The trio, along with several other characters, have to survive the sudden invasion of the nearby fictional Luk Luk Kingdom. The films touches and satires on social issues such as corruption, inequality, human trafficking, ethnic relations, and also cultural understandings between the characters.

==Cast==
- Nirab as Harris
- Namewee as Han Guo Ren (韓國仁), also portrayed Han De De
- Saiful Apek as Omar
- David Arumugam as Raja Luk Luk
- Atikah Suhamie as Rina, Yana Koh as Injured Rina
- Shashi Tharan as Wira
- Lao Zha Bo (尤雅敏) as Han's Grandma
- Zhu You Liu (朱宥六) as Ah Seng
- Craze (神導) as Balak
- Alfa Wong as Satu, frictional version of Najib Razak
- Bao (發财寶) as Rose, Satu's wife, frictional version of Rosmah Mansor, Najib Razak's wife
- Vimalan Mathiakgan as Katak
- Pak Limra as Putih
- Bean (密史得賓) as Ah Bean
- Teacher Hew (丘老师 (德财)) as Ah Chai
- Mizanur Rahman as Dirty Harris' Best Friend
- Sukarnia Venugopal as Harris's Mother
- Raja Ilya as Laboni
- Deen Maidin as Laboni's father
- Kinki Ryusaki as Aki, Han guo ren's Girlfriend
- Chong Sau Lin as Magician
- Han Xiiao Aii (韓曉噯) as Thai Nurse
- Jack Lim as Hostage (security guard)
- Ling Big Yong as High School Kid 1
- Joseph Germani as High School Kid 2

==Release==
===Banning===
The film was originally scheduled for release on 30 January 2014, the Lunar New Year's Eve in Malaysia, but because the film dealt with Malaysian politics, it faced difficulties from the Film Censorship Board of Malaysia. The board states 31 scenes that is objectionable. Deleting or altering all 31 scenes would require major re-shootings of the film, and because those points are major plot for most of the film, reshootings seems unlikely. After several twists and turns, Banglasia was officially declared banned. One of the reasons for the original version of the movie is being banned was that it portrayed sympathetically the gay lifestyle in Malaysia. The Malaysian Home Ministry claimed that the film “accentuated negative sociocultural lifestyles such as lesbian gay bisexual transgender (LGBT)” and at the same time “ridiculed the capacity and role of security troops in maintaining peace as well as national security.”
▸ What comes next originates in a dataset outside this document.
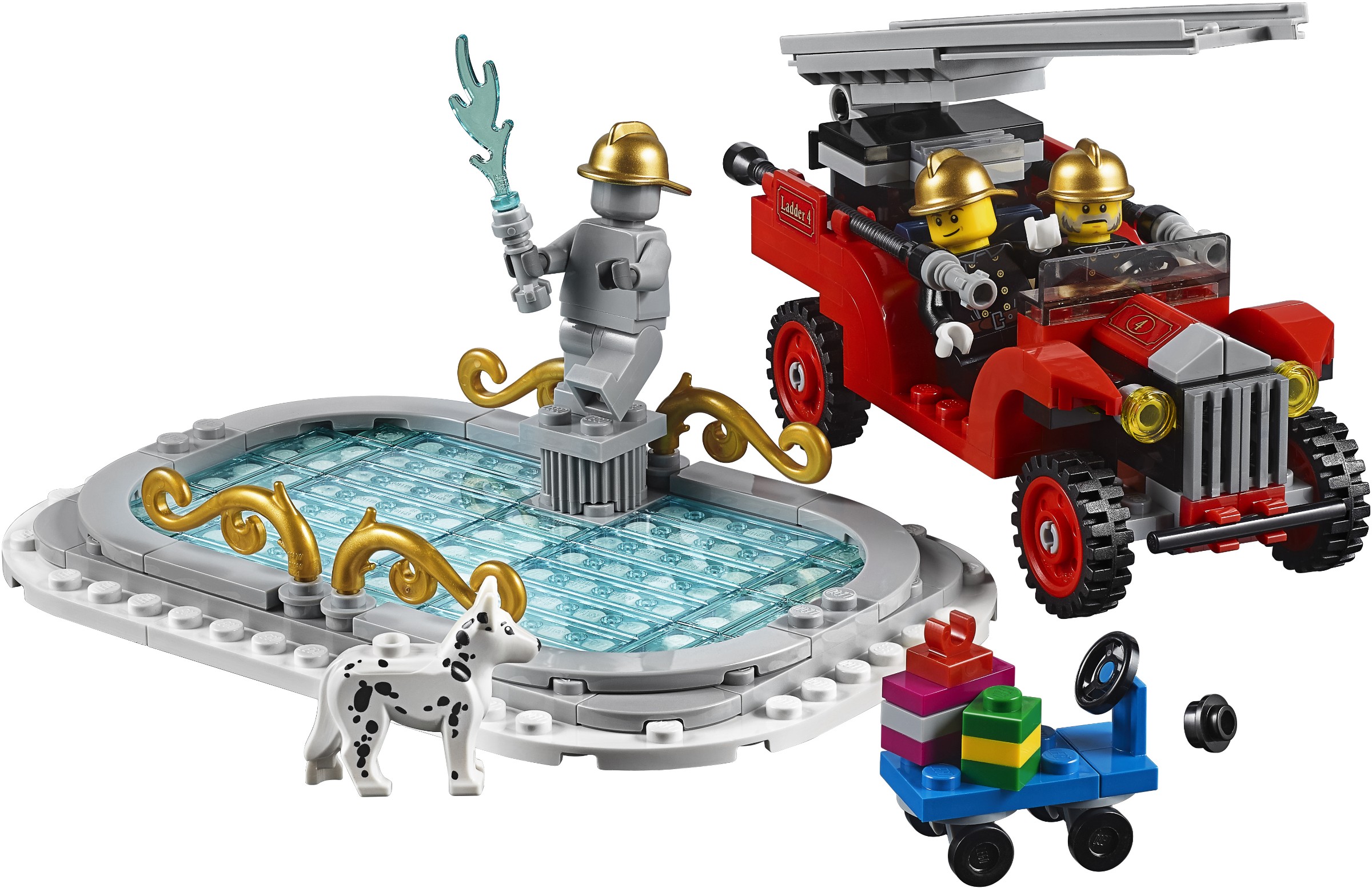 LEGO 10263 - �������� ����� � ������ �������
Nevertheless, the original uncut film version was publicly shown for the first time in Southeast Asia at the Singapore International Film Festival held in December 2015, also at the New York Asian Film Festival and Osaka Asian Film Festival in the same year. In 2019, after several times of appealing, the film was finally unbanned.

===Kickstarter campaign===
In December 2015, Namewee had opened up a Kickstarter campaign seeking to raise USD 500,000 within 40 days to partially recoup their initial production cost of more than RM4 million (USD 1 million) so that they can afford to release the movie globally for free. Part of the funds would be used to pay for extra post-production editing, and qualified donors would receive their mentions of name in the front and end credits. Wee however failed to reach his accomplished goal as he confirmed on his Facebook page where he only collected USD 186,468, which did not even reach half of his intended money needed.

===Banning lifted and Banglasia 2.0===
On 12 February 2019, Banglasia movie producers received official notification of approval from the board. After a six-year wait, Namewee and the filmmakers say they are relieved that the movie will finally make it into cinemas although they have had to make cut 7 scenes and do a reshoot to update the story with new scenes to make it relevant.

Scenes cut from the film include gun shooting scenes, LGBT-suggestive scenes, a scene mentioning the MyKad, and a scene which compares the safety of Malaysians and Singaporeans. The scenes cut do not affect the storyline.

Namewee retitled his movie as Banglasia 2.0, announcing that his movie is headed for release in Malaysia cinemas nationwide on 28 February 2019.